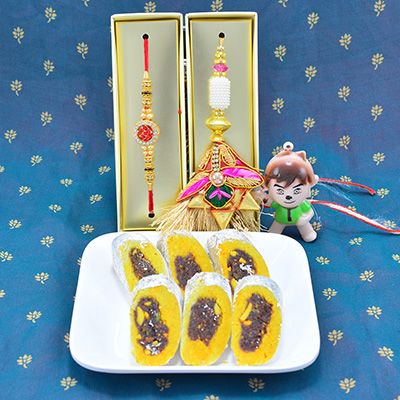 Bhaiya Bhabhi and Kid Toy Rakhi Set with Delicious Mouth Watering Kaju Raj Bahar Sweet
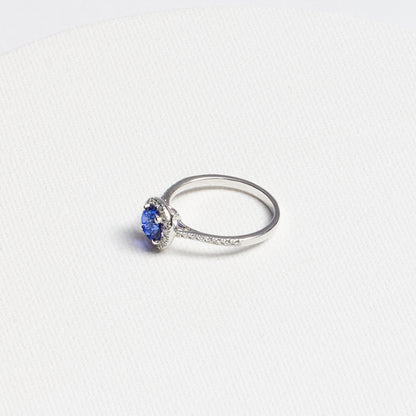 Round Tanzanite Ring with Diamond Halo · 0.91ct · 14K White Gold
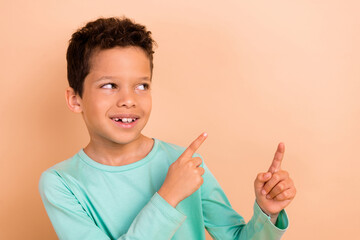 Photo of cheerful nice cute brown hair boy wear stylish turquoise clothes two hands direct empty space isolated on beige color background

● ● ● ● ● ● ●

### Exercise goal
Output the data above in full. Skip every picture.

### Exercise response
 Bhaiya Bhabhi and Kid Toy Rakhi Set with Delicious Mouth Watering Kaju Raj Bahar Sweet
 Round Tanzanite Ring with Diamond Halo · 0.91ct · 14K White Gold
 Photo of cheerful nice cute brown hair boy wear stylish turquoise clothes two hands direct empty space isolated on beige color background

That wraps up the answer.